General information
- Type: Ultralight aircraft and light-sport aircraft
- National origin: Italy
- Manufacturer: Tecnam
- Designer: Fabio Russo
- Status: In production (2015)
- Number built: at least one

History
- Introduction date: 2013
- Developed from: Dallair Aeronautica FR-100 Snap!

= Tecnam Snap =

Italian ultralight aircraft

The Tecnam Snap is an Italian aerobatic ultralight aircraft, designed by Fabio Russo and produced by Tecnam of Casoria, Metropolitan City of Naples, introduced at the AERO Friedrichshafen show in 2013. The aircraft was intended to be supplied complete and ready-to-fly.

The design is derived from the Dallair Aeronautica FR-100 Snap!, which was originally built by Dallair, a Tecnam subcontractor, but Tecnam took over production in 2013.

==Design and development==
The Snap was designed as a low-cost aerobatic aircraft wit a high power to weight ratio, to comply with the Fédération Aéronautique Internationale microlight rules. It features a cantilever low-wing, a single-seat under a bubble canopy, fixed conventional landing gear and a single engine in tractor configuration.
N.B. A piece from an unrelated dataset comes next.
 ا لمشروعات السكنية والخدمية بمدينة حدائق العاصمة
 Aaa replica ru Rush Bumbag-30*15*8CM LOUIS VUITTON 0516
The aircraft is made with a welded 4130 steel tubing fuselage, with aluminum sheet for the wings, elevators and fin structures. The rudder, ailerons, engine cowling and fuselage covering are made from composite materials, while the lower fuselage tailcone is covered in doped aircraft fabric. Its 7.20 m span wing has an area of 8.30 m2. The tailplane is mounted low and the ailerons have spades fitted. Standard engines available are the Rotax 912ULS and the Rotax 912iS four-stroke powerplants, modified by EPA Power to put out 130 hp instead of their usual 100 hp. It can be fitted with an inverted oil system allowing sustained inverted flight.

The design is not advertised for sale by Tecnam, but instead has been sold through its US distributor, SportairUSA. As of March 2017 SportairUSA is not advertising the design for sale.

As of March 2017, the design does not appear on the Federal Aviation Administration's list of approved special light-sport aircraft.

==Operational history==
By March 2017 no examples had been registered in the United States with the Federal Aviation Administration.